§ **Records for the task**
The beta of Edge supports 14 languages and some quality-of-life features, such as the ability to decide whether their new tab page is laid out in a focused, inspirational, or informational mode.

...

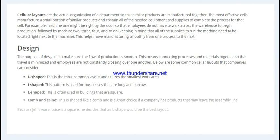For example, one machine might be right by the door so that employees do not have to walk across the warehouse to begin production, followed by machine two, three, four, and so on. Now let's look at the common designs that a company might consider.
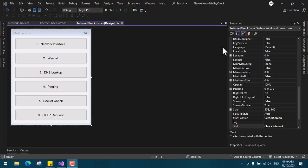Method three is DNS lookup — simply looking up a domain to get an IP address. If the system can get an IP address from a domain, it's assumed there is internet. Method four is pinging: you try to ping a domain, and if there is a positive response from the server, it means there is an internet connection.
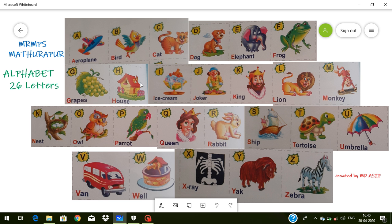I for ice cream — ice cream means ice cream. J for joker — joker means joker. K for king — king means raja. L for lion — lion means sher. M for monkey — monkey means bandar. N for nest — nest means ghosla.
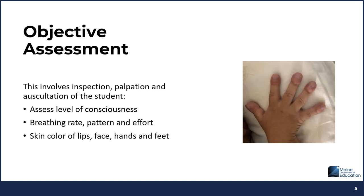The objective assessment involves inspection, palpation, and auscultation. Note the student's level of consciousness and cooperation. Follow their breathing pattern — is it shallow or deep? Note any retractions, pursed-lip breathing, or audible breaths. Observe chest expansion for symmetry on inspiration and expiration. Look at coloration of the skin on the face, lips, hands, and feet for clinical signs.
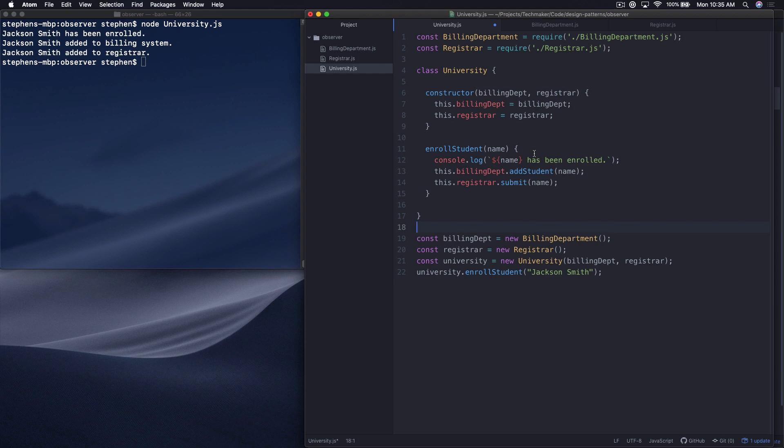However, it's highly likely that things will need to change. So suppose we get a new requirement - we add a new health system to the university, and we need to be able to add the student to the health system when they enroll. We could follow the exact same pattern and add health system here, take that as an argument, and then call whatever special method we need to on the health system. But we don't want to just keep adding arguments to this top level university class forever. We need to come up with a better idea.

§ **Exercise requirements**
The copy should hold only the lines from the one with "I for ice cream" through the one with "The objective assessment", exactly as they stand above. Leave out the pictures.

§ **Exercise response**
I for ice cream — ice cream means ice cream. J for joker — joker means joker. K for king — king means raja. L for lion — lion means sher. M for monkey — monkey means bandar. N for nest — nest means ghosla.
The objective assessment involves inspection, palpation, and auscultation. Note the student's level of consciousness and cooperation. Follow their breathing pattern — is it shallow or deep? Note any retractions, pursed-lip breathing, or audible breaths. Observe chest expansion for symmetry on inspiration and expiration. Look at coloration of the skin on the face, lips, hands, and feet for clinical signs.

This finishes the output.